【書評】『資本主義の<その先>へ』 ―大澤真幸の「力学」の勘違い -(筑摩書房:2023.6.30)
福井 杉本達也
1 日本語訳の「力学」を勘違い
大澤は、第3章の2「科学革命の可能性―万有引力を考える」において、「科学革命における最大の獲得物は『力』の概念ではないでしょうか。」「『力』は、本来は擬人的な観念です。科学の中に取り込まれたときには、次第に擬人的な痕跡は洗い落とされていきます。最終的に到達したのが、ニュートンの万有引力です。…万有引力の概念の中に、最初の『力』概念に含まれている擬人的な含みがまだ反響しているいるのか、『引く』とかいった、力についての原初の体験は全く含まれていません。…万有引力とは遠隔作用の一種だということになります。ここが問題なのです。」「前提が遠隔作用であるということさえカッコにいれてしまえば、ニュートン理論は、まさに機械論としてずばぬけた説明力をもっていたからです。」と述べる。

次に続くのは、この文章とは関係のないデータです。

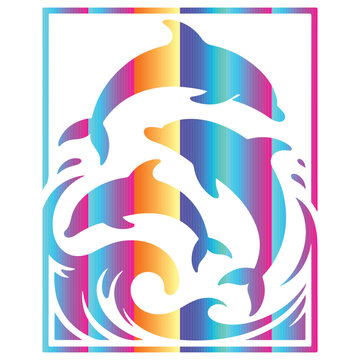 Dolphins swimming in circular wave composition with decorative frame, abstract marine wildlife vector perfect for logo, posters, and summer themes with Vibrant rainbow gradient.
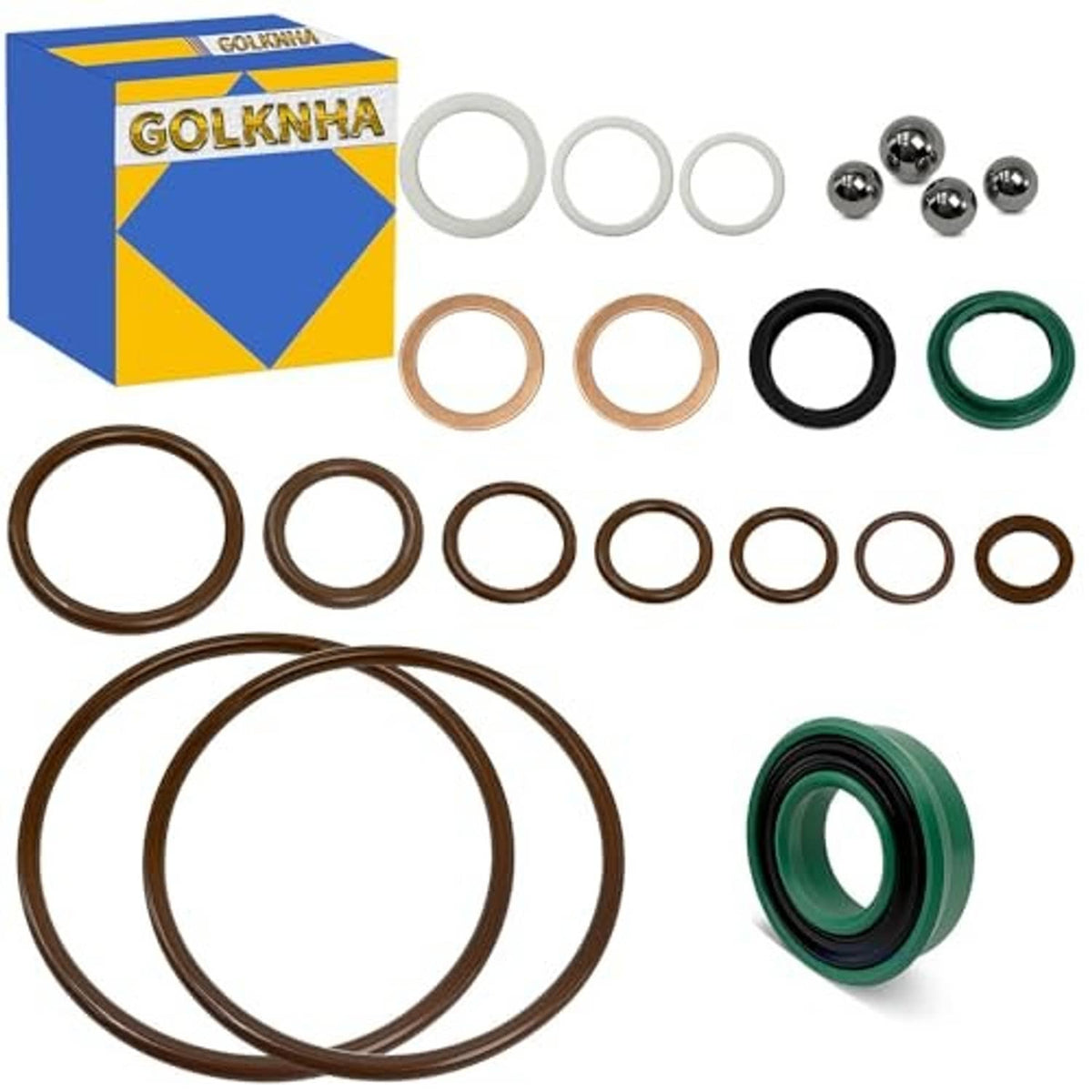 Hydraulic floor jack seals kit contents: O-rings, seals, and steel ball bearings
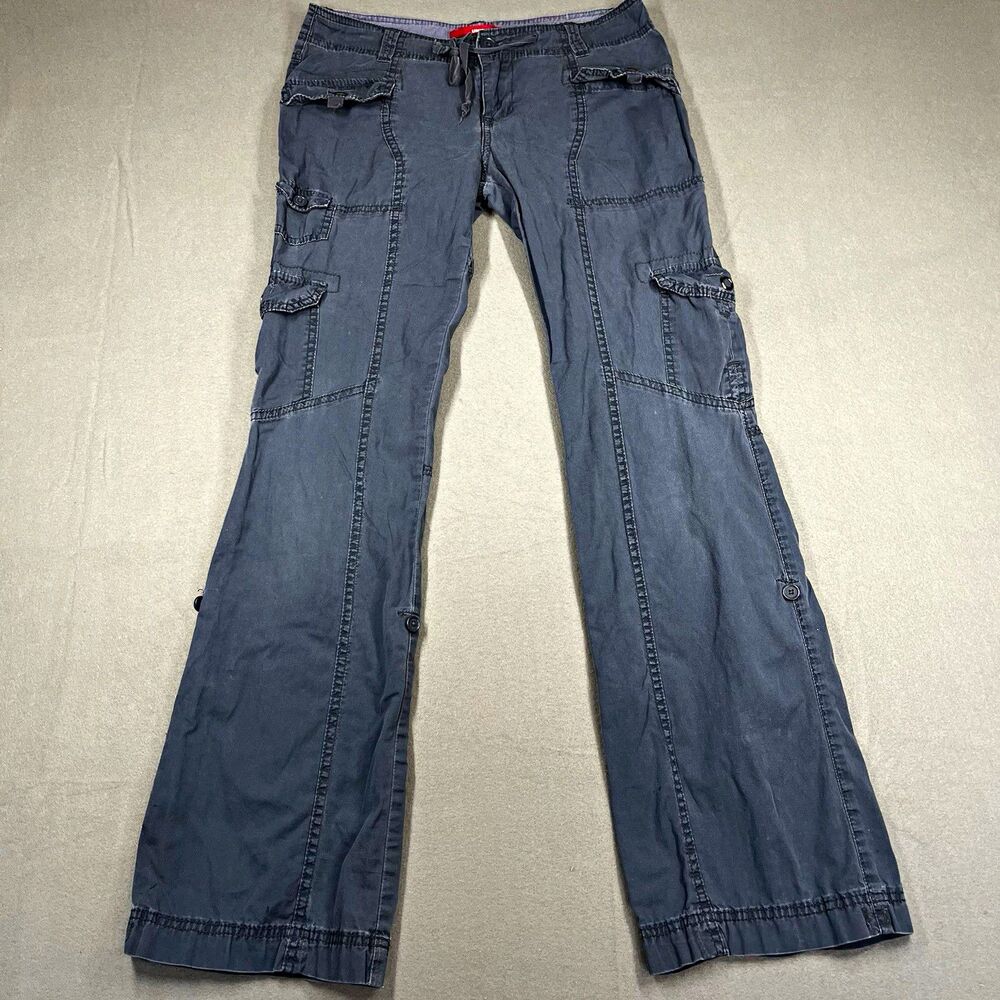UNIONBAY Women's 7 Gray Cotton Twill Cargo Bootcut Pants Pockets 32" Inseam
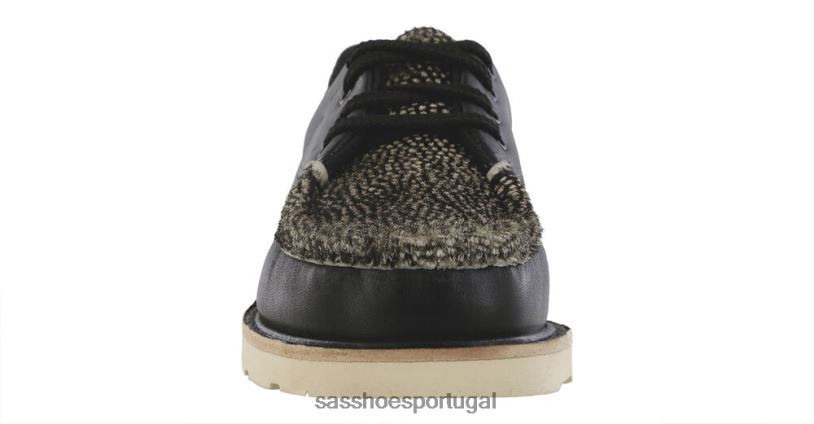 pt SAS mulheres versátil take control mocassim com cadarço chital preto 6L668433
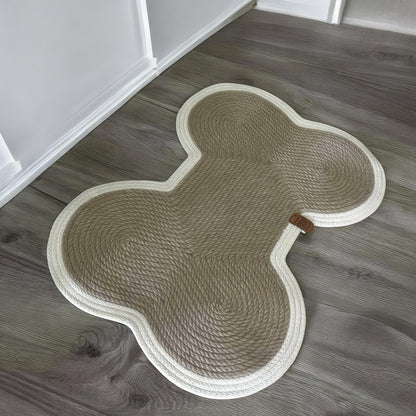 Dog Bone Feeding Mat: Handmade Cotton Rope Pet Placemat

しかし、大澤の「本来」が誤っている。日本語の「力学」は、明治期に西欧からmechanics(メカニクス)という言葉を輸入し和訳した時の単なる符丁である。「擬人的な観念」などはそもそも含まれていない。単なる思い込みに過ぎない。佐藤文隆の『「メカニクス」の科学論』(2020.12.20)によれば、「物理学訳語会」(1883~87年)で策定されたのであるが、「訳語には日常語に近づける努力と手垢のついていない新語を製造する方向がある。この選択は『誰を相手にした用語か?』による。『訳語会』では、相手を『一見さん』でない『常連さん』に変えたのである。専門家相手だと用語は単なる『意味』の符丁シンボルでよい。」しかし、「『一見さん』は日常語との類推で『意味』を想像する」から危ういとしている。佐藤は続けて「中身なしに看板をみる人には力学は『力の学』なのかと思わせる。なにしろ『力』という日常語は人々の気持ちに絡む味の濃い言葉だから。たしかに力学の主題は力で物体の運動が変わることなので、力の意味を限定すれば『力の学』でもいいのだがこの見方は熱力学、量子力学、統計力学ないは通用しない。これはメカニクスに『力学』の訳語をあてた日本独自の不具合にもみえる」と述べている(佐藤:上記)。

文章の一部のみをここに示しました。